**TO DO**
Pictures aside, the output must consist of the lines from the one containing "A necklace and earrings set with pink roses." through the end of the data, reproduced exactly.

**STORED DATA**

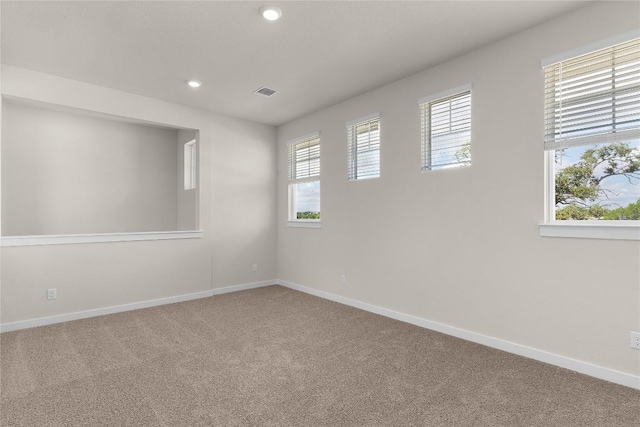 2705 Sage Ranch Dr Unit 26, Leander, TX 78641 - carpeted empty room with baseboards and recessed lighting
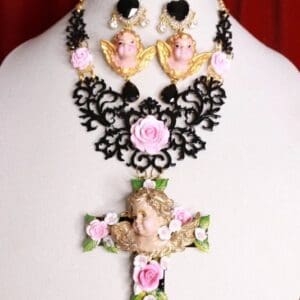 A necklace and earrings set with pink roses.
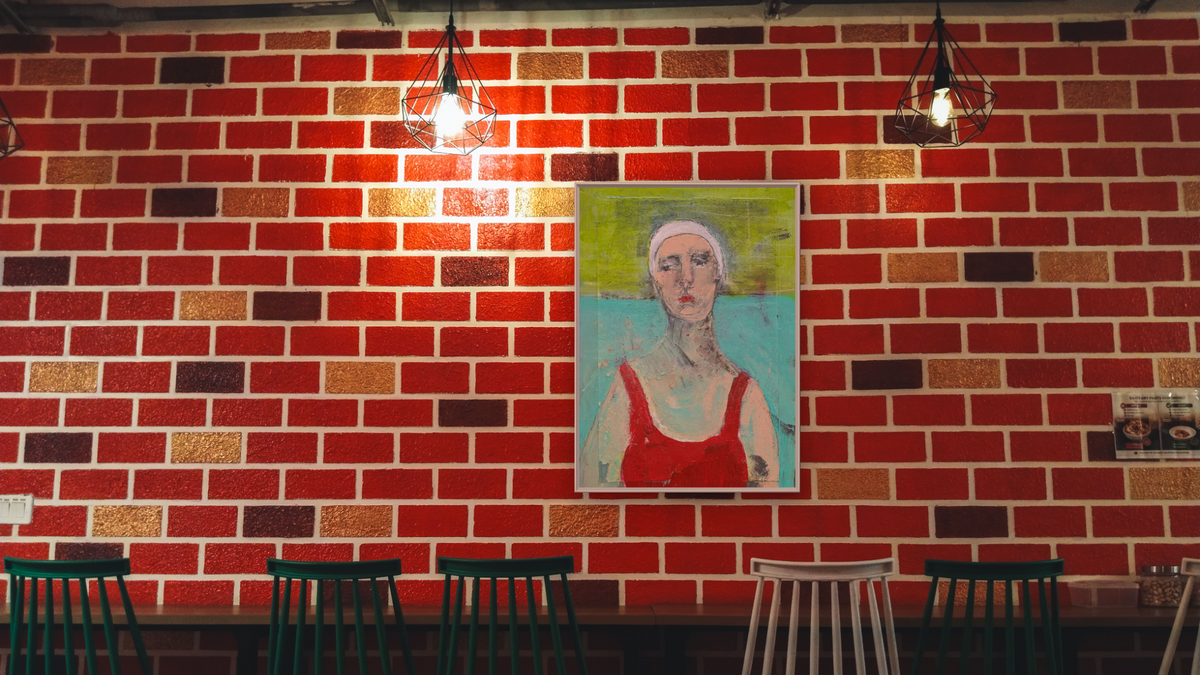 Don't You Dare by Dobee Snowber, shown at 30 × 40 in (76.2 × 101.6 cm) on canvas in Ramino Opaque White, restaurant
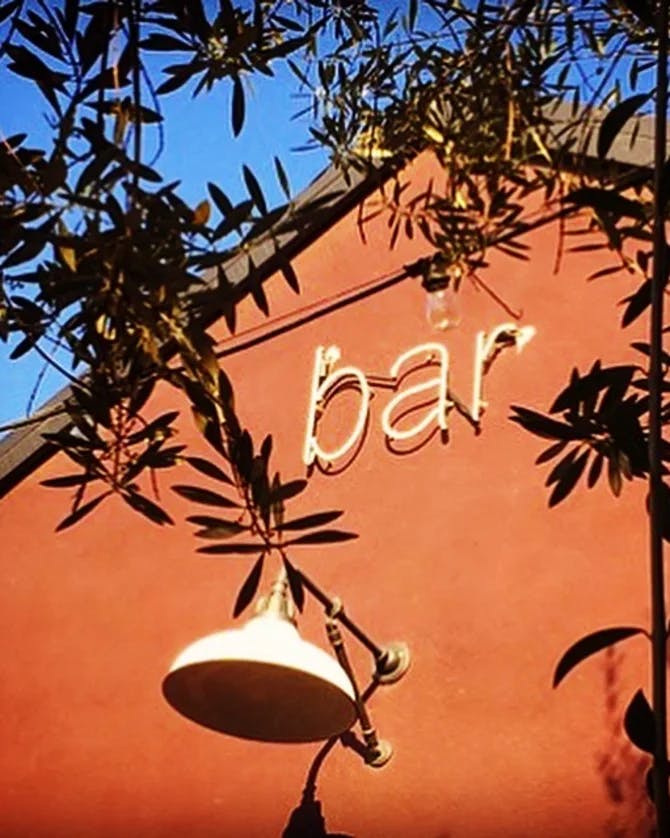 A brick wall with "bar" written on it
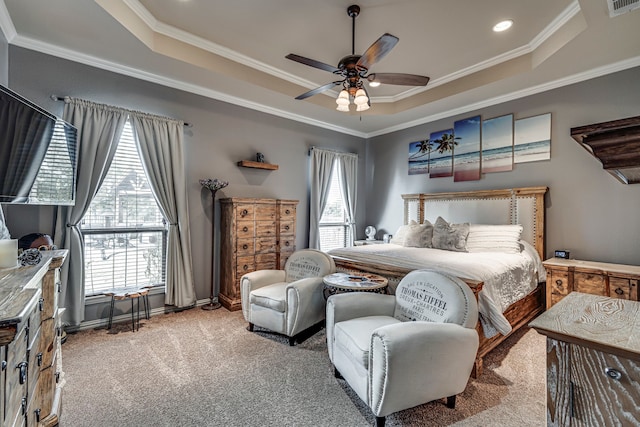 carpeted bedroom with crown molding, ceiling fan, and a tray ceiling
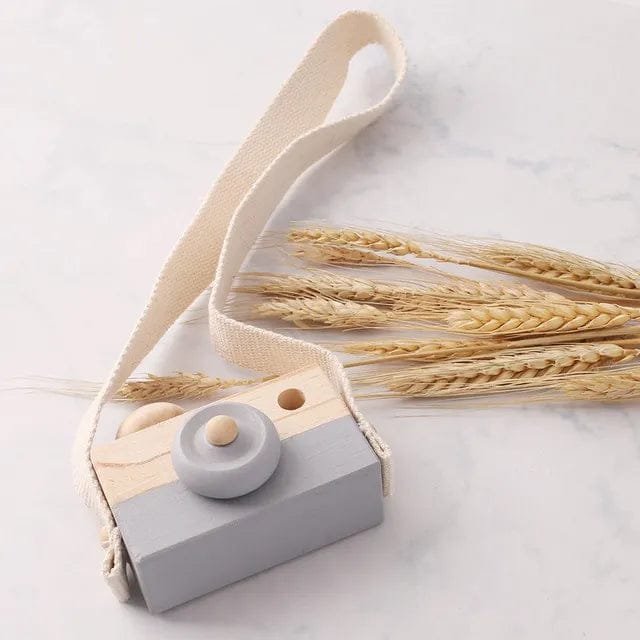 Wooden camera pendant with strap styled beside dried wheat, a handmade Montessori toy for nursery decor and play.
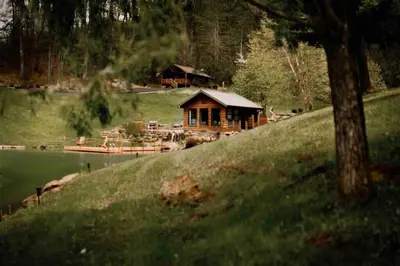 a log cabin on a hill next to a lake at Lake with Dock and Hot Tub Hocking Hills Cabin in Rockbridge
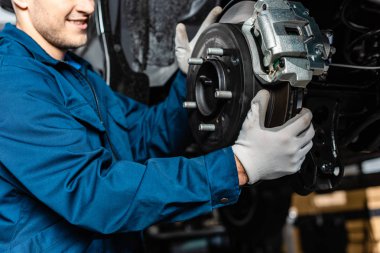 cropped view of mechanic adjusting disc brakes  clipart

**WORKED SOLUTION**
 A necklace and earrings set with pink roses.
 Don't You Dare by Dobee Snowber, shown at 30 × 40 in (76.2 × 101.6 cm) on canvas in Ramino Opaque White, restaurant
 A brick wall with "bar" written on it
 carpeted bedroom with crown molding, ceiling fan, and a tray ceiling
 Wooden camera pendant with strap styled beside dried wheat, a handmade Montessori toy for nursery decor and play.
 a log cabin on a hill next to a lake at Lake with Dock and Hot Tub Hocking Hills Cabin in Rockbridge
 cropped view of mechanic adjusting disc brakes  clipart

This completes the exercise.